Ayant constitué un royaume indépendant par le passé, les Baloutches ont vu d’un très mauvais œil la constitution de l’État pakistanais en 1947 et pas moins de cinq guerres insurrectionnelles ont eu lieu depuis, guerres que l’Inde est accusée d’avoir attisées afin d’affaiblir le frère ennemi. New Delhi a en effet tout intérêt à ce que la situation au Baloutchistan s'envenime, faisant ainsi d'une pierre deux coups : empêcher la Chine de s'implanter dans cette zone (plusieurs expatriés chinois y ont trouvé la mort) tout en déstabilisant le Pakistan, déjà englué dans les zones tribales et au Cachemire.
La région est d’une importance stratégique immense avec le nœud de Gwadar, port "donné" à Pékin au sortir du Golfe persique et autour duquel se tisse l’alliance stratégique et énergétique entre la Chine, le Pakistan et l’Iran.
Pendant des décennies, l'Inde a utilisé le Baloutchistan contre le Pakistan tout comme ce dernier a utilisé le Cachemire contre elle. New Delhi rendait ainsi la monnaie de sa pièce à Islamabad et en profitait aussi pour mettre une douloureuse épine dans le pied chinois.
Si les attaques dans la région ont diminué depuis cinq ans, n'est-ce pas parce que Modi avait décidé de se tourner vers Pékin ? Et si elles ont repris depuis quelques mois, ne faut-il pas tout simplement en trouver la cause dans un renouveau du soutien indien après les incidents de l'Himalaya de l'été dernier ? La coïncidence est en tout cas troublante...
Terminons sur une anecdote amusante qui montre à quel point le système impérial et son bras médiatique aiment parfois se noyer dans un verre d'eau. L’inénarrable Navalny ne semble plus tout à fait être en odeur de sainteté dans la presstituée, où il a, hélas pour lui, perdu quelques galons. Diantre, que s'est-il donc passé ?

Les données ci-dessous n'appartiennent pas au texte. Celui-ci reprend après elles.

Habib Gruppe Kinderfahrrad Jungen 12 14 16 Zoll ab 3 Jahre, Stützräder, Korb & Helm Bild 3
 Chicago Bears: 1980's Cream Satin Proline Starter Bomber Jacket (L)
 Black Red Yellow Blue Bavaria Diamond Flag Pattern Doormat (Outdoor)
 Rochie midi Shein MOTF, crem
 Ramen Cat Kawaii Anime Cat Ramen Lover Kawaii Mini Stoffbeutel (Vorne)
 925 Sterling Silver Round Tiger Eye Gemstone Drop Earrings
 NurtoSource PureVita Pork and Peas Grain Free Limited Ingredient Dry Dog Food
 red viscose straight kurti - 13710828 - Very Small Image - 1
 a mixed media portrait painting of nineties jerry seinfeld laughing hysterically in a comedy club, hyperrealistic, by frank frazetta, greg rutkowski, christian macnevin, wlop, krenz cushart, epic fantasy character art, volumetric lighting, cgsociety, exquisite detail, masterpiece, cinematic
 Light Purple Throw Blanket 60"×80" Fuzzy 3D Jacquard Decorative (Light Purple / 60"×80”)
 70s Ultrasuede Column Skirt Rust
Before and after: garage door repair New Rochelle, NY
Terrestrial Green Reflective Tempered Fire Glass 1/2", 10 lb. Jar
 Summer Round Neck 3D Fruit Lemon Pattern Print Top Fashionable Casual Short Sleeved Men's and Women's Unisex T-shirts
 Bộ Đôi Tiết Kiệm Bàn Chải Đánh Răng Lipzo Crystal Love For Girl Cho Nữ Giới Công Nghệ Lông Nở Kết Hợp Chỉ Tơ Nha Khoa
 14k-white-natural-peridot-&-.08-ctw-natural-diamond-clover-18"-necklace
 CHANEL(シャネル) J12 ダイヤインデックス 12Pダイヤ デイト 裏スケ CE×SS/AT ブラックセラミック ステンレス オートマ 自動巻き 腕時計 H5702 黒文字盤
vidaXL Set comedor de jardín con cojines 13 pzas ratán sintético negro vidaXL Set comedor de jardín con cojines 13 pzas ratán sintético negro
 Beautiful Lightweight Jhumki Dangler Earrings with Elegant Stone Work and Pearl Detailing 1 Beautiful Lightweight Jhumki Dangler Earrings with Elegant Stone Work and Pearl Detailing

Comme vous pouvez le voir, le bonhomme a commis un sacrilège impardonnable, se lâchant en imprécations contre la censure du Donald par les GAFAM. On imagine nos plumitifs suer à grosses gouttes et se prendre la tête à deux mains : Nous avons répété pendant quatre ans que Trump était la créature de Poutine, comment expliquer que le "principal opposant" à Poutine soit aussi un fan du Donald ? Bon allez, il devient simple "dissident", ça passera mieux...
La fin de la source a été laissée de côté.